In the fall of 1915, Georgia accepted a teaching position at the tail end of the world: Columbia, South Carolina. Columbia College was an all women's college specializing in the training of music teachers. It was small and insular and had fallen on hard times. Georgia may have been offered the job because they couldn't pay much, and her lack of a teaching degree put her in no position to bargain. It mattered little to O'Keeffe: Her idea was to sequester herself there, teaching only four classes a week, leaving the rest of the time to paint. Whatever charms the school and its environs might have possessed, they were lost on Georgia. In a letter to her friend Anita Pollitzer, she drew a tiny, chaotic-looking picture of a jagged hole surrounded by pieces of broken plaster captioned, “Thats [sic] the hole I kicked in the wall because everyone here is so stupid—I never saw a bunch of nuts—It makes me mad—”

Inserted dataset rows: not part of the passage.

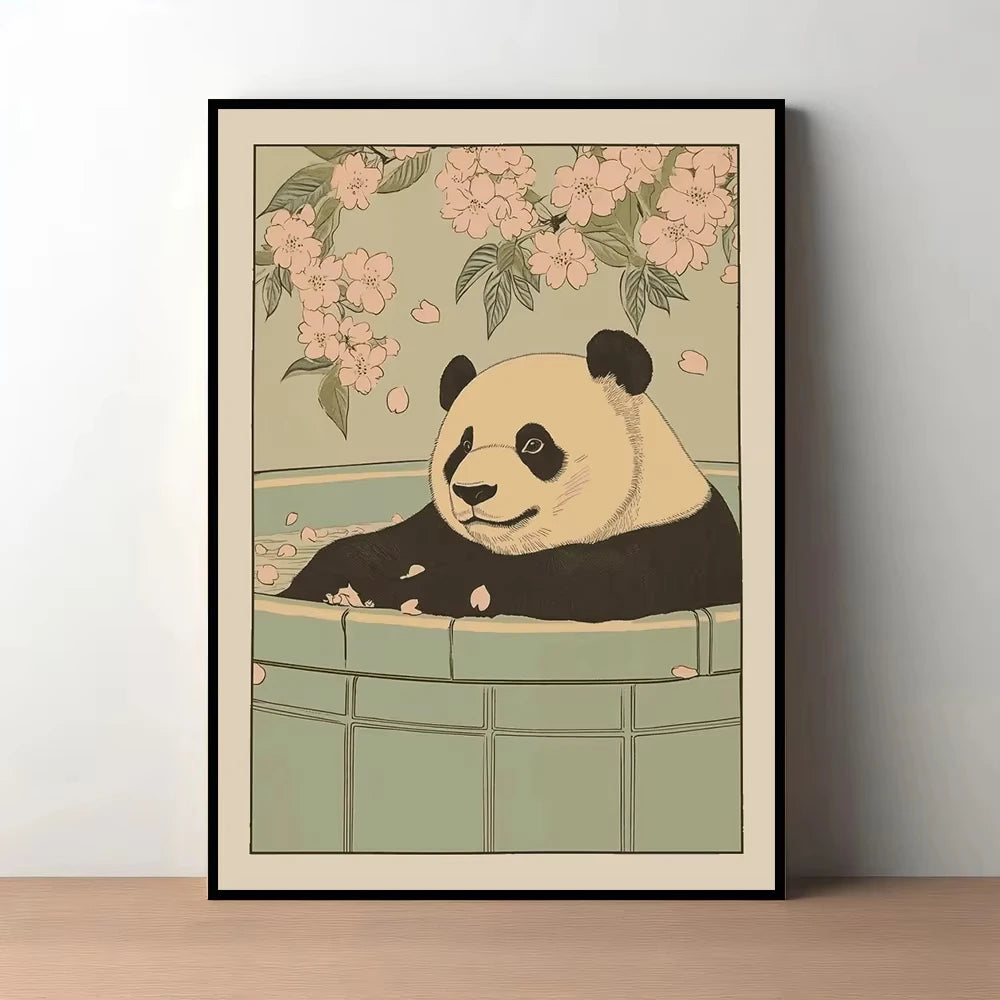Japanese Bathroom Cute Animals Canvas Wall Art Poster Unframed Canvas Wall Art Qst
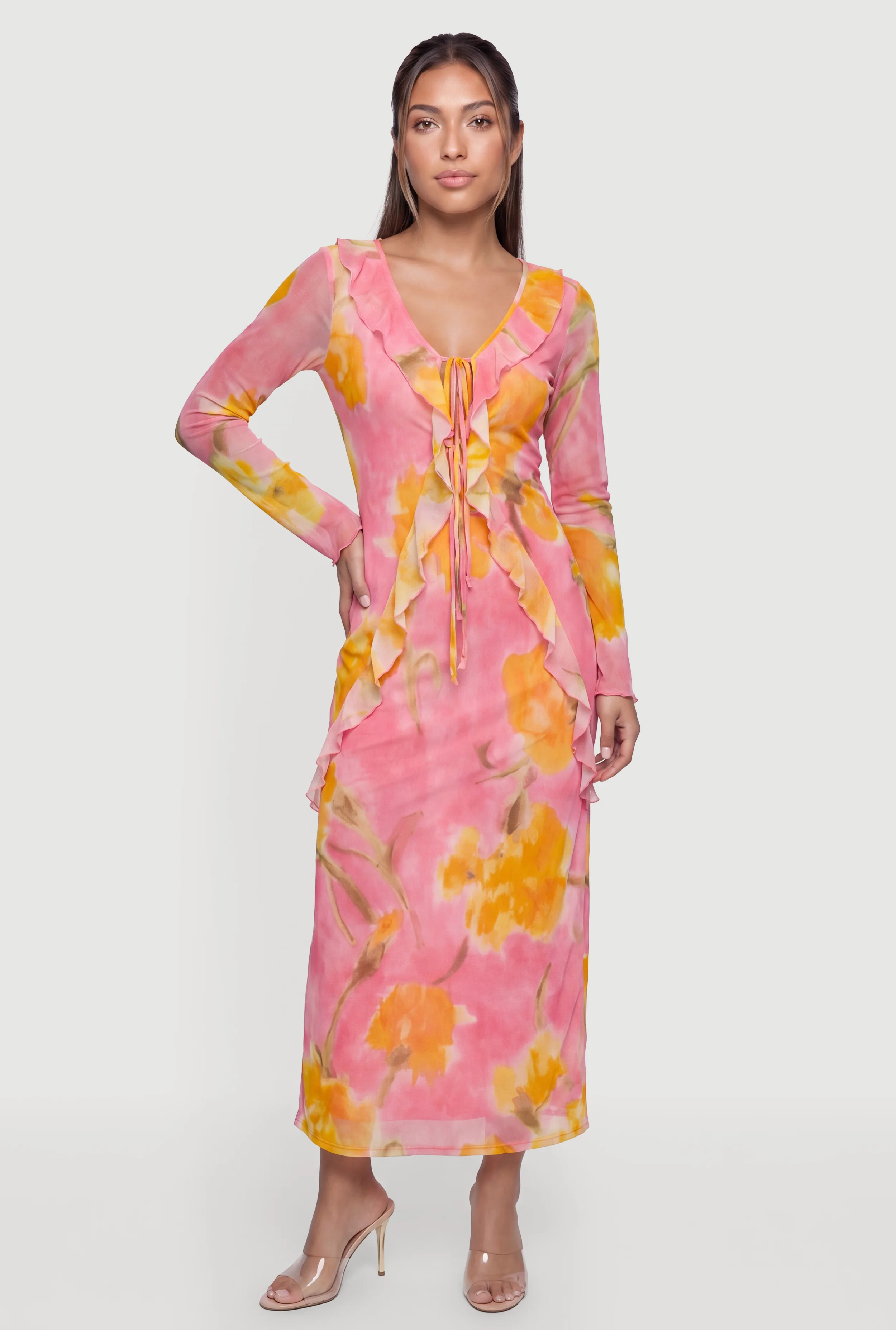 Floral Mesh Tie Front Maxi Dress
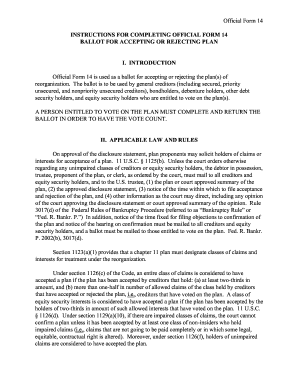 Official Form 14 Ballot for Plan Acceptance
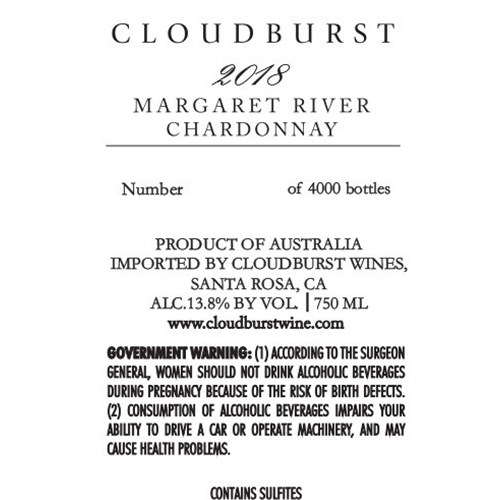 Cloudburst - Chardonnay - Margaret River 2018 4df5d4d9d819b397555d03cedf085f48 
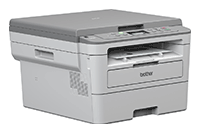 Brother DCP-B7250DW imprimanta laser mono 3 in 1 cu fața spre dreapta cu hârtie imprimată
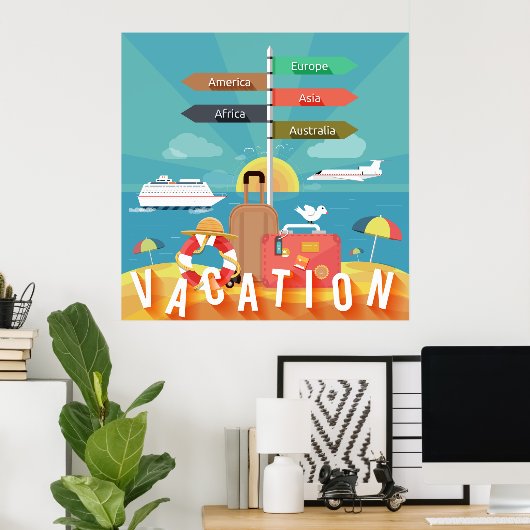 Poster Destinations de vacances (Bureau à domicile)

She lived in the dorms. She was miserable, and glad of it. Her letters from Pollitzer, who was still in New York, nourished her. Georgia wrote repeatedly that she felt a tremendous vacancy in her life—that she was lost, floundering, in a muddle, and enjoying it; that she was determined to “wonder and fight and think alone.” What was happening, of course, is that, removed from New York, the stimulation of new art, new friends, new teachers, new ideas, stuck in a place where she knew no one, her influences—more about them in the next chapter—could marinate. I'm not much of a cook, but I can tell you that every hunk of meat tastes better when it's been sitting in the fridge in a nice marinade for a day or two. Likewise, most casseroles—by which I mean my chicken enchiladas—taste better the next day.

She wrote about having nothing to paint, about priming canvas after canvas but having nothing to express. Along the way her old mentor and boss, Alon Bement, had pressed into her hands a copy of Wassily Kandinsky's
Concerning the Spiritual in Art
. Kandinsky gave O'Keeffe the get-out-of-realism-jail card she needed. He said, in effect, that the true subject of any painting was the artist's inner world, and that every line, color, and form she chose should reflect that, rather than the “realistic” apple in the bowl, the woman sitting on the settee. Boy howdy and hallelujah.